Watching some documentaries it seems that there was obviously a big shift where all of them were rounded up en masse and didn't really know what was happening even inside of the camps, but I'm wondering about the people who still weren't at the camps. After some time had passed did the information ever make it out to others? Did Jews in the ghettos, other countries or in hiding ever know about what was happening at the concentration camps? Was the information wide spread or only a select few?
With the understanding that it only answers part of your question (I need to see if I can get enough sources together to tackle the other part), I wrote this post about American Jewish knowledge of what was going on, and u/commiespaceinvader wrote a more detailed post about HOW they (and people in the Allied nations in general) found out here.
This is a surprisingly difficult question to answer. First of all, there's a kind of depressing sampling bias--it's possible people who thought that being "rounded up" meant certain death would've been more likely to attempt to hide even at great risk, which would mean that people who survived might be more likely to be people who knew what was happening and believed it.
Second, asking people afterwards is also subject to difficulty. People remembering of their thoughts and feelings will be colored by what they know now.
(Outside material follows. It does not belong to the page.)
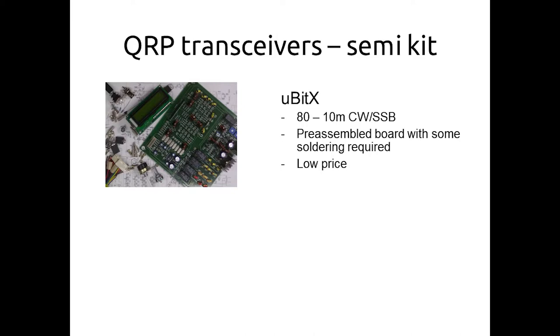The uBitX is a little bit clunky on CW, but there are all sorts of mods. There's a huge user group — email lists, Facebook groups, all sorts of ideas. If you're technically inclined and like modifying surface mount components, there were some issues with various versions — I think we're up to version five or six now. The great thing about it is its very low price, and I've had some good contacts with it.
Or they'll try to emotionally justify why they did show up at a deportation with their family, by saying they didn't know what would happen. It could be even at the time they really did know but were in denial.
Also a note--I assume by "concentration camps" you're really talking about the death camps. People often conflate the two, but they were really quite different (though some camps had both).
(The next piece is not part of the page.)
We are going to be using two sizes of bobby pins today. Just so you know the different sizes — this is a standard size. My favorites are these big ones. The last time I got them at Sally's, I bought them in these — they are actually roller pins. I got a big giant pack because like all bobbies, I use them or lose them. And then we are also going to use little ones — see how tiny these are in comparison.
The only really good source to figure this out is from archival materials from the Warsaw Ghetto. A small group of people (led by Jewish historians) collected an enormous archive in the Warsaw Ghetto. Their goals were both to preserve real-time experiences of what this tumultuous time was like for Polish Jewry, but also to preserve accounts of what life was like before the war. This archive, variously called the Oyneg Shabbos Archive or the Ringelblum Archive, was stored in large metal milk containers underground, and nearly all of it has been recovered. The archivists tried to get as really broad collection of material as was possible, and they included legal documentation, transcriptions of accounts, write-ups about communal life before the war, discussions of how Jewish life continued during the war, correspondence, sermons, poetry, etc. You can see a catalog of it here. Making things more difficult for later historians, the material had to be stored hastily without extensive cataloging, some material was damaged, and a significant amount was written using pseudonyms or codes to conceal personal information in case the archive was discovered. Because of this the full archive was only published recently, and it's enormous and not really so accessible. Smaller collections were published earlier. One such example is "Kiddush hashem : Jewish religious and cultural life in Poland during the holocaust", which is a volume of Rabbi Shimon Huberband's material, focusing on a picture of prewar Jewish life in Poland, and how Jewish life continued in the ghetto (both before and after the ghetto was sealed), along with a smattering of other documentation.
In the achive there are several accounts from people who had escaped death camps, both Chelmno and Treblinka. The archives contain information about the camps compiled from escapees. So the information seems to have reached the Warsaw Ghetto. There's no real way of knowing how widely this information was disseminated, though there are references in Huberband's work to widespread rumors of mass killings.
As time went on and more people were "deported" from the Ghettos without reappearing (people occasionally leaving for forced labor assignment was not unheard of), including whole families who were not good candidates for labor, it would've been increasingly apparent that the reports were accurate. This explains the ghetto uprisings when the ghettos were liquidated--those in the ghetto understood that if they complied with roundups they were very likely to be killed, so they started uprisings even though the revolts were extremely unlikely to succeed.